109 – Literary islands of Far South : pāṭṭu and other quixotic archipelagos of songs
South Asian scholarship’s new interest in song can be seen as marked by absorbing concepts from anthropology, musicology, sound and media studies. The mutual transfer of ideas opens chances to explore afresh the relationship between “literary” and “folk”. Both have long history of incorporating song as matter and form. India's far South, with its multitude of diverse lived-in song cultures, offers a uniquely rich area of study. Its emerging vernacular literary cultures grew by absorbing, adapting and transforming expressive forms developed within largely understudied song cultures of the subaltern. They themselves changed profoundly producing a variety of hybrid (trans-medial) cultural forms. One archipelago within broader patterns of literary cultures is made by pāṭṭu-songs: local stories of inequality, devotion, and transformation. Other archipelagos equally deserve closer study.

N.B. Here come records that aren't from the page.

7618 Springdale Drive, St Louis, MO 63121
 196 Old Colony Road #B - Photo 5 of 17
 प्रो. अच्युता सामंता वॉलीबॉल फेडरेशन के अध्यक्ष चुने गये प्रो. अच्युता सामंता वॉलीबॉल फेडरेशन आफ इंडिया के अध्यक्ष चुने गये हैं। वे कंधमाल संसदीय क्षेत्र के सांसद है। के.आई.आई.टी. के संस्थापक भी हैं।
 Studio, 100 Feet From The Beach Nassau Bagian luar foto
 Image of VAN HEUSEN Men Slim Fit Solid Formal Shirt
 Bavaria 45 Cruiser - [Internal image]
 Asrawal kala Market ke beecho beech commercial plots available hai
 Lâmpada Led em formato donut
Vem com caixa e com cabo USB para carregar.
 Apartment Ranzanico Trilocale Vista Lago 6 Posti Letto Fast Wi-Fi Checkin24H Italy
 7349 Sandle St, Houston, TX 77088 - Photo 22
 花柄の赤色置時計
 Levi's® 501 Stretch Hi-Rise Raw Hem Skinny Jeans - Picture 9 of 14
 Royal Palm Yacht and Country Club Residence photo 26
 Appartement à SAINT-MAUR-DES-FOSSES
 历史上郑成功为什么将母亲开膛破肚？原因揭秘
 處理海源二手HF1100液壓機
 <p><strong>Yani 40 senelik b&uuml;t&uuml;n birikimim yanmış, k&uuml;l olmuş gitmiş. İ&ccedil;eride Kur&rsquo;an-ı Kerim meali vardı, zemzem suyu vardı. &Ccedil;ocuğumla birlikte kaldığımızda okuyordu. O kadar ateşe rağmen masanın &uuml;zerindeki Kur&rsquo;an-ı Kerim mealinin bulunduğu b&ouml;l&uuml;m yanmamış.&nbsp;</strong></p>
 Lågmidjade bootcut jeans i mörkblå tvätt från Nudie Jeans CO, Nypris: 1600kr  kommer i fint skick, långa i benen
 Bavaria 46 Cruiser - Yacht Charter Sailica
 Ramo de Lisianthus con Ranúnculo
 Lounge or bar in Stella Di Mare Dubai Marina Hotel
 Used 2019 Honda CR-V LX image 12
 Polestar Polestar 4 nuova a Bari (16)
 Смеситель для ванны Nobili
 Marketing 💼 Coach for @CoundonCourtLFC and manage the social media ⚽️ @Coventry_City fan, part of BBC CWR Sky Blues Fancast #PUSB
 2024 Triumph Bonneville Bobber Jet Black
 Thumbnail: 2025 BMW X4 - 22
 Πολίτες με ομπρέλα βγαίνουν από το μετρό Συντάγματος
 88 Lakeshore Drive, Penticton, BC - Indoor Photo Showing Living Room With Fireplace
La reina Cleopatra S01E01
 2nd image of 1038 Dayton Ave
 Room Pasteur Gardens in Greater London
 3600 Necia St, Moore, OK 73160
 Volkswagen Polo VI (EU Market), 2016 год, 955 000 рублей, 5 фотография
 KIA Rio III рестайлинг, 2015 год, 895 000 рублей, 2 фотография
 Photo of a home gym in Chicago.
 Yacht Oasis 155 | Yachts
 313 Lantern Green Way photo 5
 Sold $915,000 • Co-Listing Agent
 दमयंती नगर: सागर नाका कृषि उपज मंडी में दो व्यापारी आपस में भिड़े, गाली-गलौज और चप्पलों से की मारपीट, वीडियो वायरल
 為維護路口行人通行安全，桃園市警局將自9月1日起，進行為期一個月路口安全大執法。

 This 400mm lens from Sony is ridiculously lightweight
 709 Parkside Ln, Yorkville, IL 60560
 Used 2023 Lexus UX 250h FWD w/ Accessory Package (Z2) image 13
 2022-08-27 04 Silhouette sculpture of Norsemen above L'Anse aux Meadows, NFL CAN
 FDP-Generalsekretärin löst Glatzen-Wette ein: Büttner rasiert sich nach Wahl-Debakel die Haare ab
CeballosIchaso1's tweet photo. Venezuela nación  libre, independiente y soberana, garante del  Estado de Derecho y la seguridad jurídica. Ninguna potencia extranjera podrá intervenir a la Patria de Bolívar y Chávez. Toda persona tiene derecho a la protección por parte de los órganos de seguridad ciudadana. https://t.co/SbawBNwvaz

The panel explores song cultures as complex cultural objects and unique knowledge systems. It relates the lived-in song traditions with forms recognized as literary across the ecologies of Southern vernacular idioms and languages of prestige. We welcome papers adopting new approaches including such concepts as sensorial and sonic epistemologies, embodied knowledge, media-archaeology while looking at the archipelagos of South Indian song cultures in ways that question basic assumptions about oral and written, centre and periphery. Papers on specific singing and literary cultures asking questions about their patterns of circulation, communities of practice, performers, audiences and patrons, as well as social practices that shaped their sensorial, discursive, historical or political bodies.